• _EXERCISE_:
Copy everything in the listing below word for word, apart from any images.

• _DATA EXCERPT_:
☆ ☆ ☆ ☆ ☆

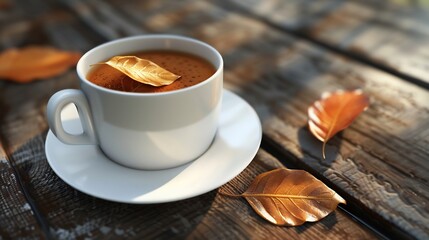 Coffee Cup with Golden Leaf on Wooden Table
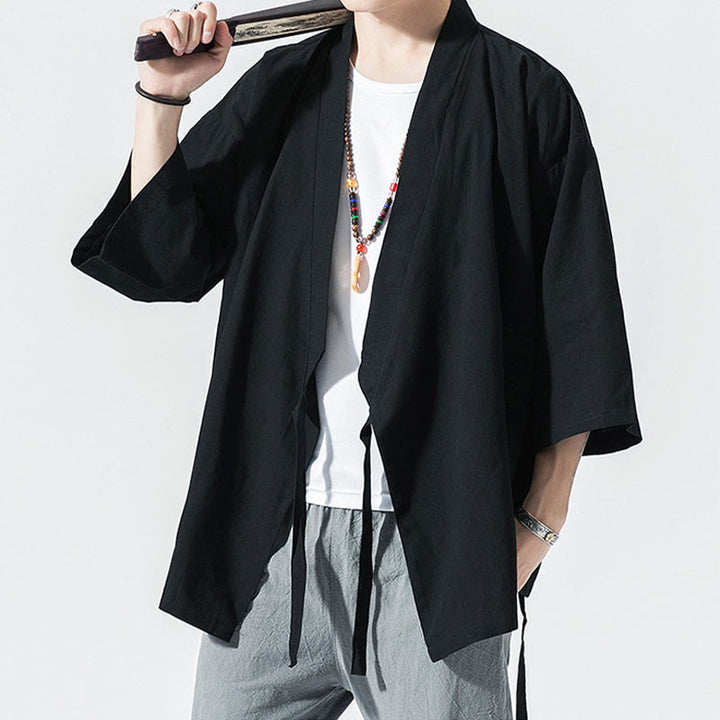 Buddha Stones Casual Plain Tang Suit Open Front Jacket Cotton Linen Men's Kimono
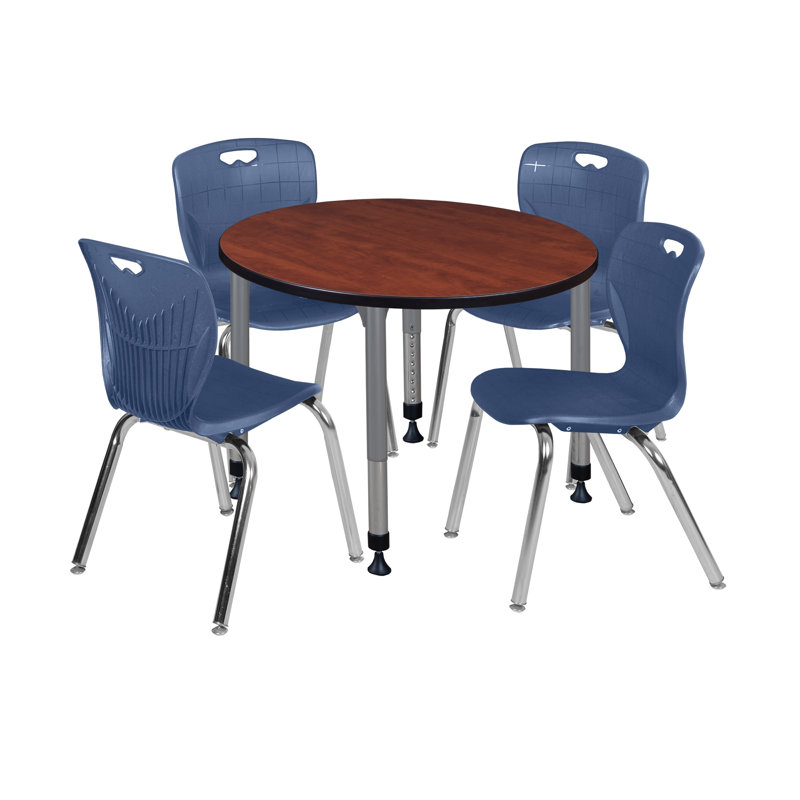Ensemble de table de salle à manger et de chaises Kee Mobile, H 34 po x L 42 po x l 42 po, Bleu, Cerisier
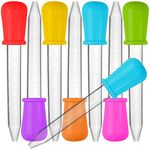 8 Pcs Liquid Droppers, SENHAI Silicone and Plastic Pipettes Transfer Eyedropper with Bulb Tip for Candy Oil Kitchen Kids Gummy Making – 7 Colors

☆ ☆ ☆ ☆ ☆

• _TASK ANSWER_:
 Coffee Cup with Golden Leaf on Wooden Table
 Buddha Stones Casual Plain Tang Suit Open Front Jacket Cotton Linen Men's Kimono
Ensemble de table de salle à manger et de chaises Kee Mobile, H 34 po x L 42 po x l 42 po, Bleu, Cerisier
 8 Pcs Liquid Droppers, SENHAI Silicone and Plastic Pipettes Transfer Eyedropper with Bulb Tip for Candy Oil Kitchen Kids Gummy Making – 7 Colors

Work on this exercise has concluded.